Planteemos una reflexión acerca del artista como sujeto que se proyecta junto con su producción a lo largo del tiempo. Una buena mañana este sujeto, artista en potencia, como todos, se despierta con energía y decide ponerse manos a la obra con un instinto creador que venía rumiando en su cabeza desde hace un tiempo. Se sienta y escribe. Tal vez se sienta y dibuja algo. Su primer poema. Su primer dibujo. Se fascina ante lo creado. También le horroriza. El salto entre su representación mental de la creación y la creación en sí es demasiado amplio, la idea se muestra casi irreconocible. Ha vivido el primer episodio de frustración, elemento indisociable de la actividad creadora.

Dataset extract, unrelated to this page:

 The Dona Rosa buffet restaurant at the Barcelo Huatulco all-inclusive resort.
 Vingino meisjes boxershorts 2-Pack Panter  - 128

Nuestra época gestiona mal la frustración, pues estamos acostumbrados a la inmediatez de resultados. Pulso un botón y obtengo lo que quiero. Esta naturaleza de la cultura de masas es absolutamente antagónica a la creación artística. La producción creadora es, como hemos mencionado ya, una entidad que se estira en el tiempo; es un proceso que no podemos acelerar por lo que la sensación de frustración se ve redoblada.

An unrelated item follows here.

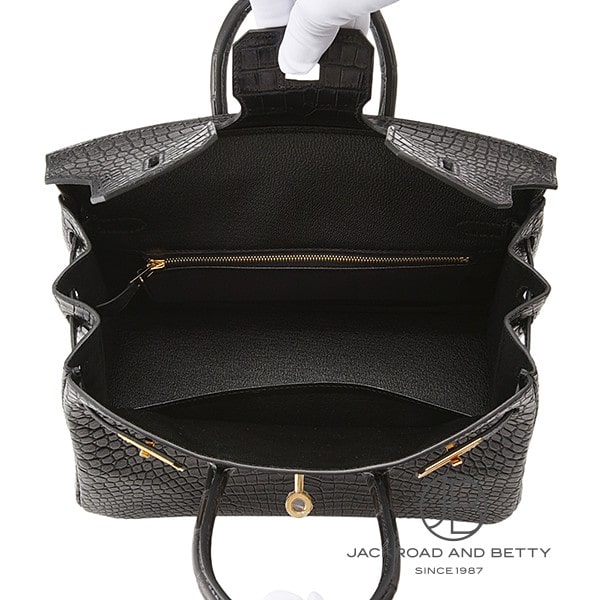 バーキン25 ポロサス クロコダイル ノワール ブラック 黒[] Birkin25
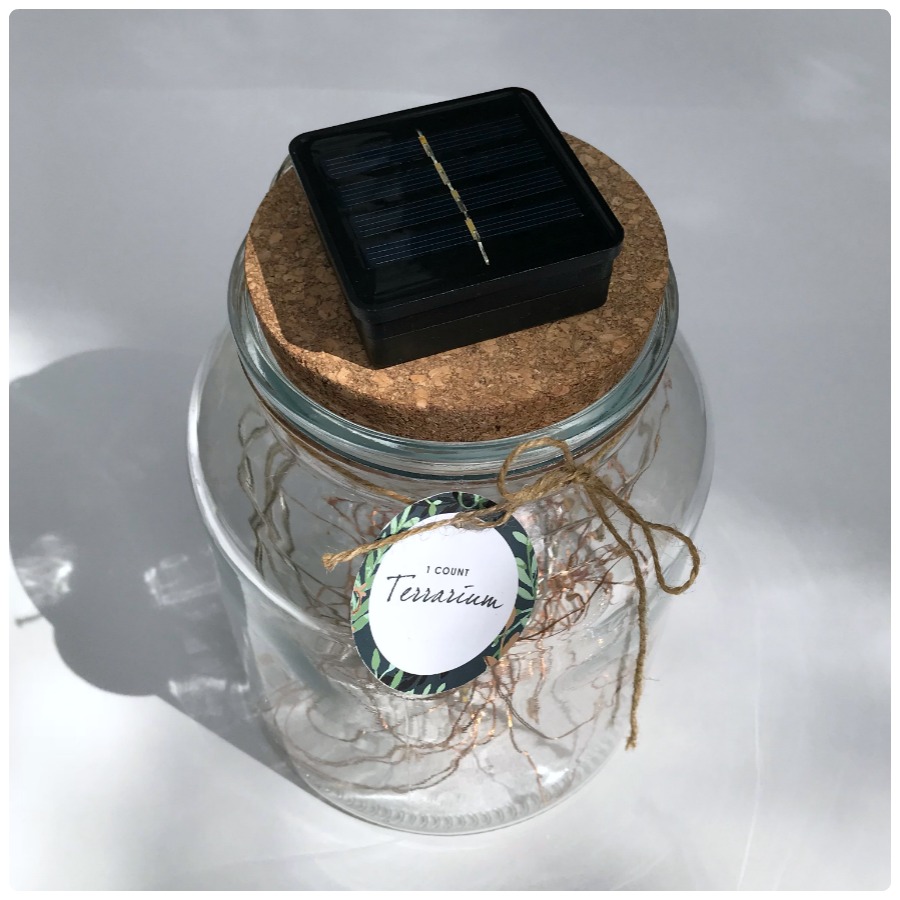Make this pretty solar lights star jar for $10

«A la edad de 50, había producido un gran número de dibujos. Con todo, ninguno tuvo un verdadero mérito hasta la edad de 70. A los 73, finalmente, aprendí algo sobre la verdadera forma de las cosas, pájaros, animales, insectos, peces, hierbas o árboles. Por lo tanto, a la edad de 80 habré hecho un cierto progreso. A los 90 habré penetrado el significado más profundo del mundo. A los 100 habré llegado finalmente a un nivel excepcional. Y a los 110, cada punto y cada línea de mis dibujos poseerán vida propia».
Las ideas expresadas aquí por Katsushika Hokusai son una aproximación a la naturaleza del proceso de creación. La enumeración que hace es sin duda hiperbólica: ni con 50 años estaba tan lejos de la maestría ni con 110 habría alcanzado cotas tan altas. Pero la reflexión a la que invitan es pertinente. El artista tiene que poseer una condición de trabajo abnegado, que le permita establecer una relación intíma con su medio de expresión. Debe hacer oídos sordos al ritmo vertiginoso que le impone su realidad exterior y trabajar en silencio. Crear es esencialmente una actividad solitaria aunque más tarde podamos proyectar nuestra obra hacia afuera, en busca de una valoración ajena, de una segunda mirada que no esté tan cerca como nosotros de lo creado.
Aquel o aquella que se embarque en un proceso de estas características debe ser realista: la producción artística en estos tiempos es casi un milagro. No porque se haya acabado las formas de expresión posibles, sino porque las condiciones materiales actuales no permiten ese tiempo reposado que es condición de posibilidad para la creación. Porque poder sentarse a escribir un poema o a dibujar tiene un requisito previo: que el artista tenga algo que llevarse a la boca al final del día. Si la propia supervivencia no está garantizada y el tiempo libre es un sueño de estudiante entonces la cultura está sentenciada.
Dos ideas por tanto resumen lo visto anteriormente: la imposibilidad de acelerar el proceso de creación que posee sus propios ritmos y forma más bien una línea discontinua con momentos de frustración unidos a otros de gran avance; por otro lado, la necesidad de un soporte material del ocio, del tiempo sin la punzante necesidad de productividad que envenena todos los ámbitos de la vida. Estas dos ideas chocan porque la ausencia de la segunda llega a incapacitar a la primera en la mayoría de los casos. En un sentido más amplio podemos decir que la tarea es ampliar el espacio en el que ese tiempo reposado, propio de las escuelas, de los centros culturales, de los museos, deviene posible.